Communiqué de presse - 2016-551 QPC

Décision n° 2016-551 QPC du 06 juillet 2016 - M. Éric B. [Conditions tenant à l'exercice de certaines fonctions ou activités en France pour l'accès à la profession d'avocat]

Le Conseil constitutionnel a été saisi le 4 mai 2016 par la Cour de cassation d'une question prioritaire de constitutionnalité relative à la conformité aux droits et libertés que la Constitution garantit de l'article 11 de la loi n° 71-1130 du 31 décembre 1971 portant réforme de certaines professions judiciaires et juridiques.

Ces dispositions ouvrent un accès dérogatoire à la profession d'avocat à des personnes qui ont exercé certaines fonctions ou activités. Le législateur exige toutefois que ces fonctions ou activités aient été exercées en France.

Le requérant critiquait cette condition de territorialité.

Le Conseil constitutionnel a d'abord jugé qu'il incombe au législateur, lorsqu'il fixe les conditions d'accès à une profession, de déterminer les garanties fondamentales permettant d'assurer le respect de la liberté d'entreprendre. Toutefois, en ce qui concerne les conditions d'accès à la profession d'avocat, compte tenu du rôle particulier de cette profession, le Conseil constitutionnel a estimé qu'il appartenait également au législateur de déterminer les garanties fondamentales permettant d'assurer le respect des droits de la défense. Le Conseil a alors relevé que les dispositions contestées, qui permettent d'accéder à la profession d'avocat quand certaines fonctions ou activités juridiques ont été exercées en France pendant une durée suffisante, répondent à ces exigences.

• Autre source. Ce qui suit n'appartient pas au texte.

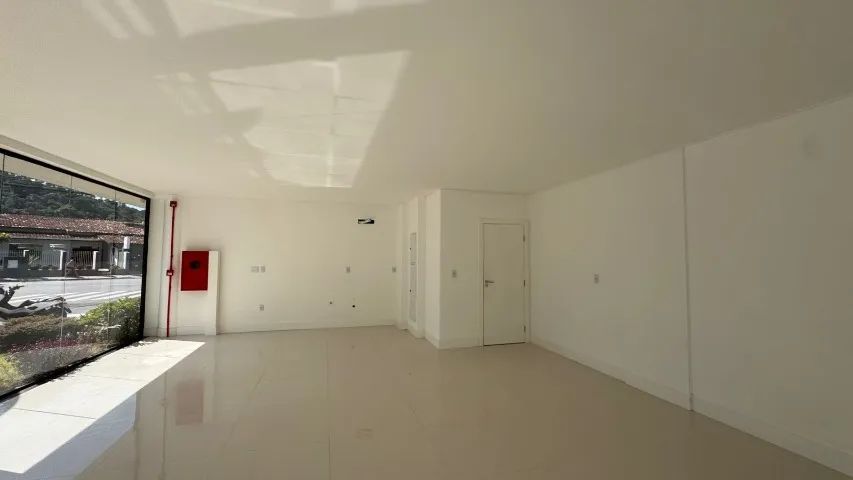 Locação Comercial  - Sala Nova com 80m² 1 banheiro - Praia Brava  - Foto 5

Le Conseil constitutionnel a ensuite jugé, d'une part, que les personnes ayant exercé une activité ou une fonction juridique pendant une durée suffisante en France ne sont pas placées, au regard de l'accès à la profession d'avocat en France, dans la même situation que celles ayant exercé une telle activité ou fonction à l'étranger. Les dispositions contestées, qui traitent différemment ces deux situations, ne sont donc pas contraires au principe d'égalité.

D'autre part, le législateur a entendu, par les dispositions contestées, garantir un niveau d'aptitude et un niveau de connaissance suffisant aussi bien du droit français que des conditions de sa mise en œuvre. Par ailleurs, les personnes ne remplissant pas les conditions dérogatoires fixées par les dispositions contestées peuvent accéder à la profession d'avocat dans les conditions de droit commun. Le Conseil constitutionnel a par conséquent écarté le grief de l'atteinte portée à la liberté d'entreprendre.

Le Conseil constitutionnel a donc déclaré conformes à la Constitution les mots « et de celles concernant les personnes ayant exercé certaines fonctions ou activités en France » figurant au 2° de l'article 11 de la loi n° 71-1130 du 31 décembre 1971.